Our youngest son still lives at home and he has suffered the most from his father’s decline.  Where I have been willing to accept the changes and roll with them our son has withdrawn completely from his dad and just pretends he is not here.  He does not eat meals with us as he hates to see me feeding Brian.  He does not attempt to speak to him, although I sometimes find him standing silently over his Dad when he thinks I am not around. Our son has become angry and even abusive at times but I cannot persuade him to get grief counselling or to see a psychologist.  I sometimes wonder if I am sacrificing him for his Dad, but I feel it is my duty to look after my husband and cannot send him to a facility where I know he will get less attention and not as good care as I can still give him. Besides, I love him dearly and just want him around.

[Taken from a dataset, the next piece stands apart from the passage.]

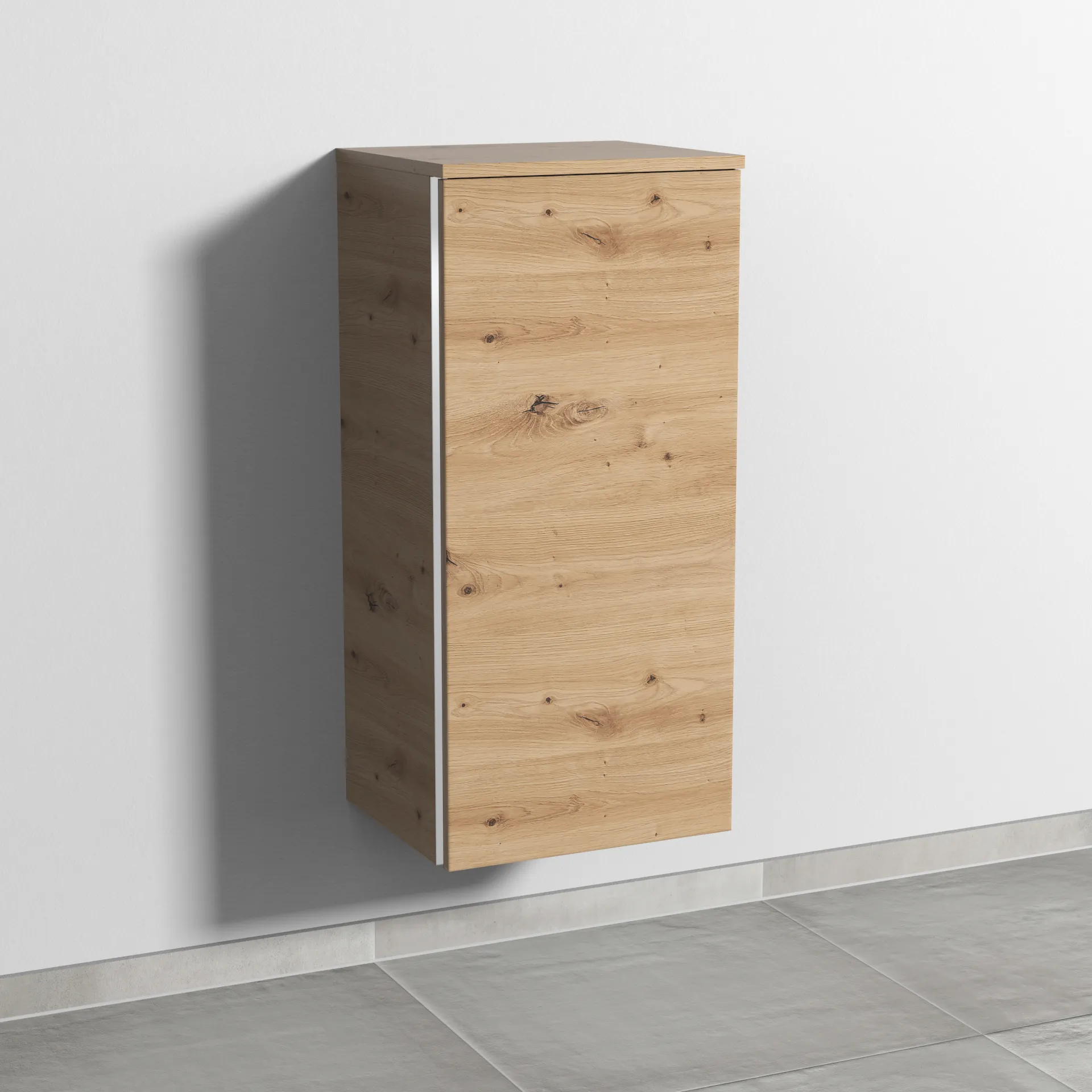 Sanipa Mittelschrank „3way“ 400 × 850 × 345 mm Anschlag rechts, in Eiche Natural-Touch, Anschlag rechts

We have led a blessed life.  We have had a wonderful relationship since we were teenagers.  Brian always earned good money and for 10 years we lived in England taking advantage of our proximity to Europe to travel as often as we could.  We have travelled extensively, never had any debts, raised two beautiful young men, come from wonderful supportive families and have the most loyal friends in the world. I would not change anything in our lives.  There is nothing we could have done to prevent this disease.  Brian ate healthily, exercised regularly, did not drink or smoke and was a brilliant student who was still studying when he turned 50.  So much for the use it or lose it theory!  While there is no cure for this damn disease I just wish it did not move so cruelly slow.